Myanmar's incoming government has released its plan for a new government, including a new ethnic-affairs ministry for the nation scarred by sectarian tensions and repression of some ethnic groups.
New president Htin Kyaw submitted his proposal Thursday, with a parliamentary debate on it scheduled for Friday.
The plan includes the ethnic ministry in a wider civil service reform plan aimed at streamlining the bureaucracy left behind by the military government that ruled Myanmar for decades. A Cabinet of 36 ministries is expected to be slimmed down to 21.
The military government had been accused of cracking down on ethnic Rohingya in northern Rakhine State, in response to riots in 2012 between the primarily Muslim Rohingya and the primarily Buddhist Rakhine. In recent years, Rohingya have been fleeing Myanmar by boat to the neighboring nations of Thailand and Malaysia.

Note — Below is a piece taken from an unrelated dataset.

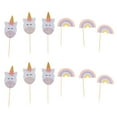 thumbnail image 4 of 12 Piezas Set Cartoon Unicorn Cupcake Picks Rainbow Cake Topper Cake Decoration Soledad Cupcake Unicorn Picks Decor, 4 of 8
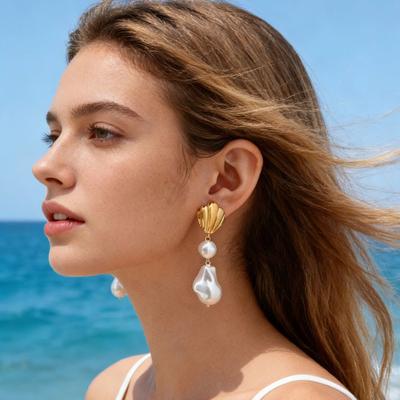 French Style Vintage Irregular Imitation Pearl Earrings for Women Waterproof Stainless Steel Long Dangle Earrings Luxury Jewelry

Myanmar is home to a number of other ethnic groups including Shan, Bamar, and Kachin.
First civilian president
On Tuesday 70-year-old Htin Kyaw was chosen to become Myanmar's first civilian president in more than five decades, receiving 360 of the 652 votes cast to defeat two other candidates.
His election was a foregone conclusion. He is a childhood friend and longtime confidant of Nobel laureate Aung San Suu Kyi, the leader of the National League for Democracy, which took both chambers of parliament in November's historic elections.
Aung San Suu Kyi is barred from becoming president, due to a provision in the constitution that prohibits anyone with a foreign-born spouse or children. Her late husband and two sons are British. But she has vowed to rule the country through a proxy candidate.
Htin Kyaw will assume office on April 1, formally ending more than 50 years of complete or partial military rule.